I have Excel spreadsheets that have an image per row, scraping the image using this example works. However what I want to do instead of scraping the image of the spreadsheet is I want to extract the url associated with that image. If I open up the Excel file I can click on the image and navigate to the given url. Is it impossible to extract this URL via Python?
I have looked through the documentation on openpyxl to see if there are any examples of scraping embedded urls in images, and I couldn't find anything.
Any help would be much appreciated.
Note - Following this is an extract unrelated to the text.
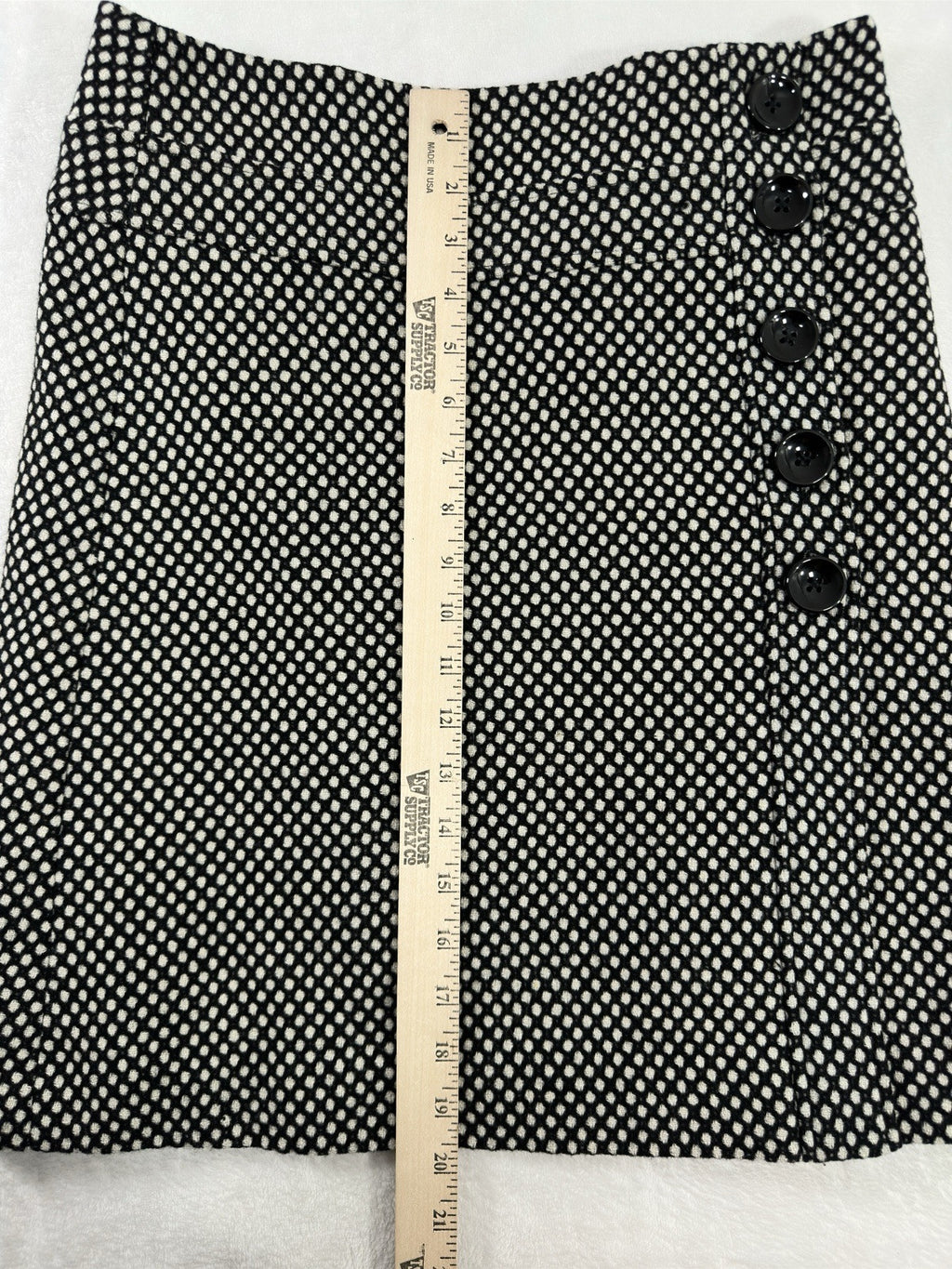 Vintage Talbots A-Line Skirt Size 14 100% Wool Black White Tweed Knee Length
Thanks
As a good start, you can read/unzip the spreadsheet :
import zipfile
import pandas as pd
with zipfile.ZipFile("file.xlsx", "r") as zf:
xmls = [zf.read(fn) for fn in zf.infolist()
if fn.filename.startswith("xl/drawings/_rels/")]
urls = (
pd.concat([pd.read_xml(data).assign(SheetNumber=i)
for i, data in enumerate(xmls, start=1)]).sort_values(by=["SheetNumber", "Id"])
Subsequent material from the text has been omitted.